Open Records Decision
Kate Holm ("Appellant") asked the Department to provide "copies of the documents contained in all of the files maintained and/or retained by the department regarding disciplinary actions against its sworn officers." The Appellant specifies that the scope of her request should include "records of citizen complaints, both formal and informal, and documentation of the investigation and outcome; documents related to terminations, demotions, decreases in pay or grade, suspensions, and written reprimands; and all other documents produced in the course of the investigation of any act or omission by an officer that violates criminal law, law enforcement procedures, or the general employment policies of this agency."

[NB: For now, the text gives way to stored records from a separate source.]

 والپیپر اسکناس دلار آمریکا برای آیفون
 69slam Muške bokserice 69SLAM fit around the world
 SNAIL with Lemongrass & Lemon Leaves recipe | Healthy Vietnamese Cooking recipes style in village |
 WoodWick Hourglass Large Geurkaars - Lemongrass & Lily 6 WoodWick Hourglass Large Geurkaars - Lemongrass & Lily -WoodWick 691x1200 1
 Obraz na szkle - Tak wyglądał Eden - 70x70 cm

In a timely response, the Department denied her request because the Appellant sought "any and all records" related to a broad topic, and this Office has historically found that such requests are unreasonably burdensome under KRS 61.876(6) and "need not be honored." See, e.g. , 00-ORD-132. The Appellant then initiated this appeal.

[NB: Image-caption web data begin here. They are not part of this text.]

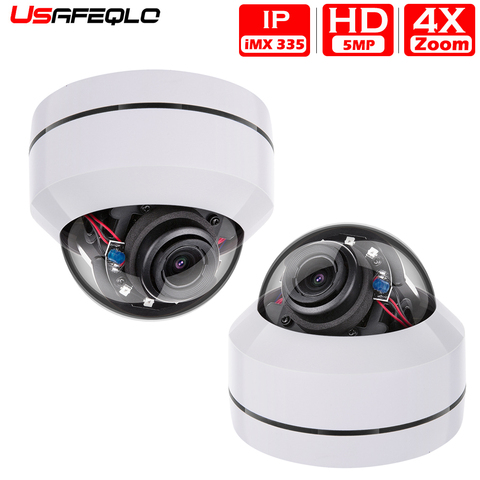 Caméra de surveillance dôme PTZ IP POE 5MP, Super HD, 2592x1944, panoramique/inclinaison, Zoom x4, H.264/H265, Compatible avec Xmeye 48V POE NVR ► Photo 1/6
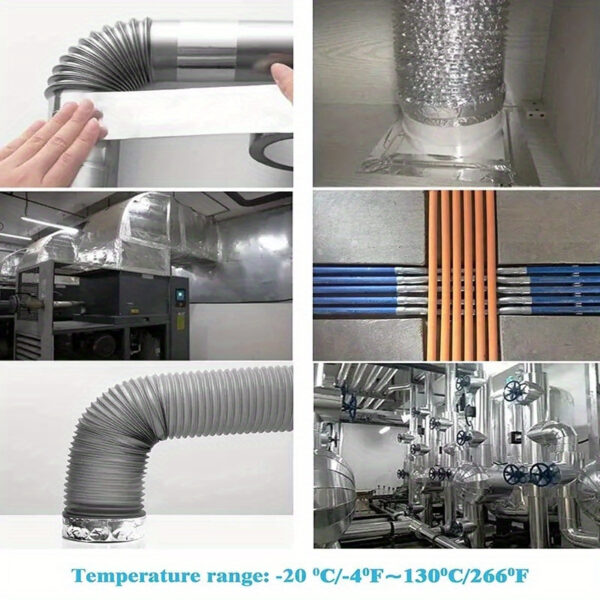 Heat-Resistant Aluminum Foil Tape for Kitchen Pipe and Iron Pot Repairs - Image 9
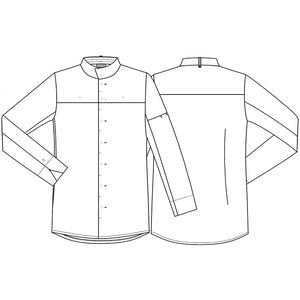 Kentaur unisex kokkeskjorte - Sort (25236)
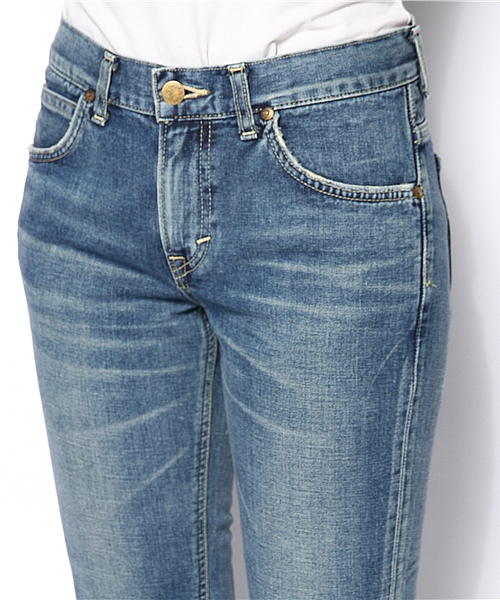 NANO universe（ナノユニバース）の「Lee/NU別注 テーパードスリム   デニムパンツ（デニムパンツ・レディース・インディゴブルー/ホワイト/ブラック・X-SMALL/SMALL/MEDIUM）」の6枚目の写真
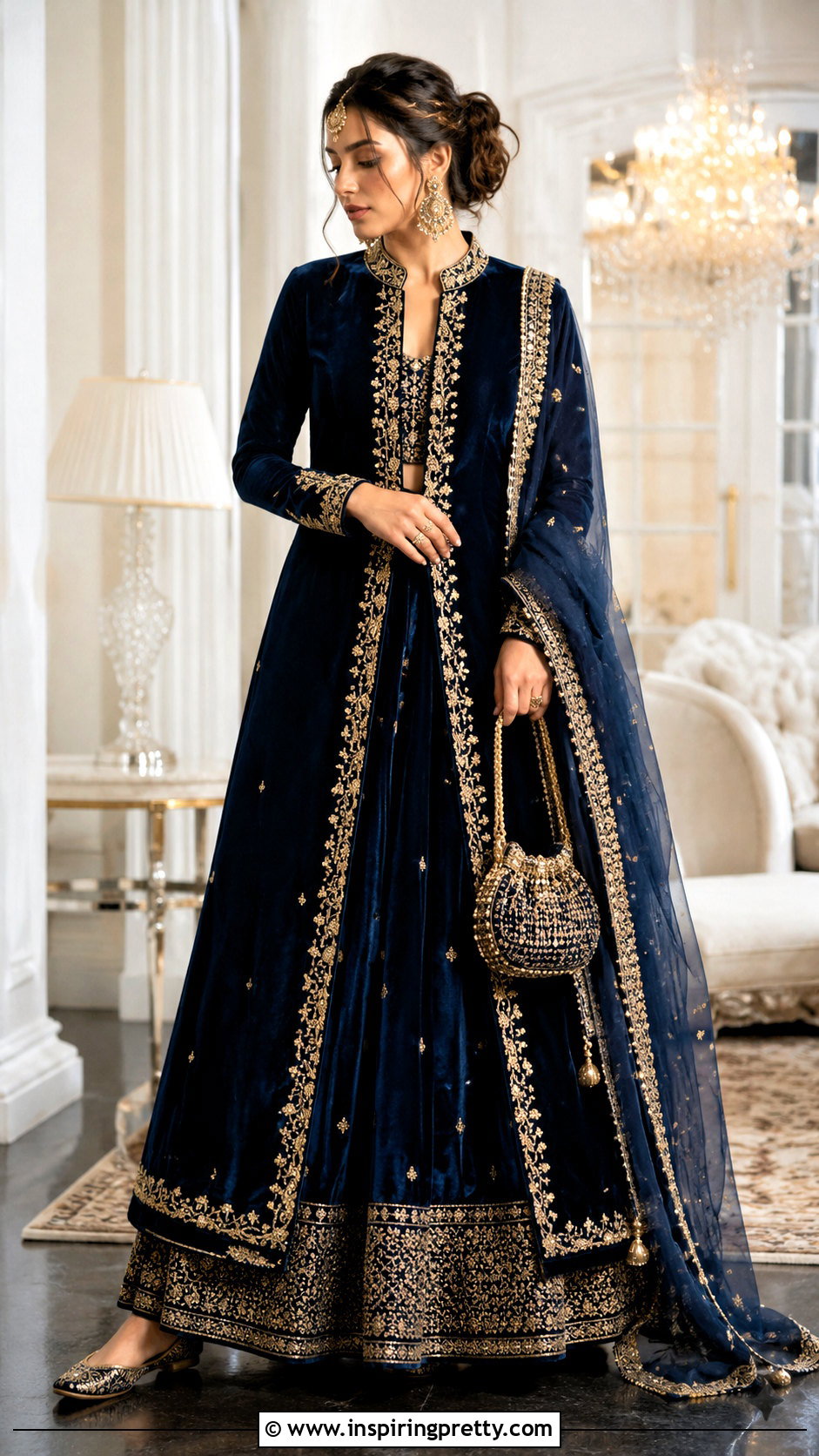 Velvet Lehenga With Long Top - 50 Lehenga With Long Top outfit ideas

A requester whose principal place of business is outside the county in which the public records sought are located may receive requested records by mail. KRS 61.872(3)(b). The Kentucky Supreme Court has found that, when a requester seeks copies of public records by mail, he or she must "precisely describe" the records he or she seeks to inspect.

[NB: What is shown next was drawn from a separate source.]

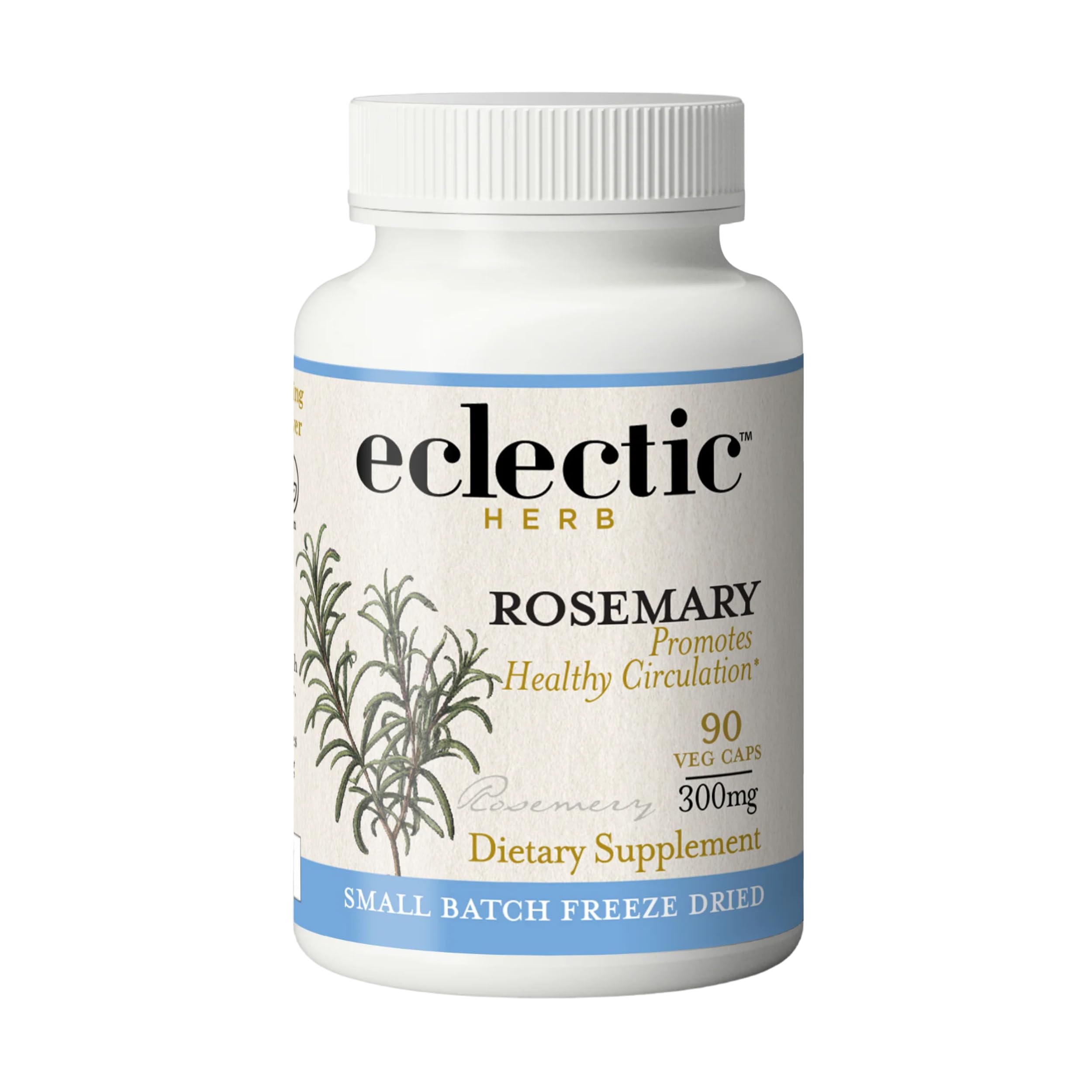 Eclectic Herb Rosemary Capsules bottle – front view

Commonwealth v. Chestnut , 250 S.W.3d 655, 661 (Ky. 2008). This Office has found that a requester does not "precisely describe" records to be inspected if the request is framed as an "open-ended any-and-all-records" type of request with no limit in temporal scope or any additional information that would assist the public agency in locating responsive records. See, e.g. , 08-ORD-058. To "precisely describe" records to be inspected by mail, this Office has found that the requester must describe in "definite, specific, and unequivocal terms the records" sought. See , 97-ORD-046 * 3; 03-ORD-067. Otherwise, the request places an unreasonable burden on a public agency to spend an innumerable amount of employee time to search thousands of potentially responsive records.
To obtain copies of responsive records by mail the Appellant was required to precisely describe the records she seeks. However, she failed to precisely describe such records. For example, she provides no temporal scope, and seeks any disciplinary records about any of the Department's officers that have ever been created. Although the Appellant did specify that she sought to inspect such citizen complaints, the request is not limited to formal citizen complaints. Any disciplinary record of any officer is implicated in the request, which would necessarily require the Department to review each and every personnel file of every officer it has ever employed. Such a task would indeed be unreasonably burdensome. That is why the Department invited the Appellant to narrow the parameters or her request, and include a date range or provide the names of specific officer's whose personnel files she seeks to inspect. Because the Appellant's request, as framed, would have placed an unreasonable burden on the Department, it did not violate the Act when it denied the request.
A party aggrieved by this decision may appeal it by initiating action in the appropriate circuit court pursuant to KRS 61.880(5) and KRS 61.882. Pursuant to KRS 61.880(3), the Attorney General shall be notified of any action in circuit court, but shall not be named as a party in that action or in any subsequent proceedings.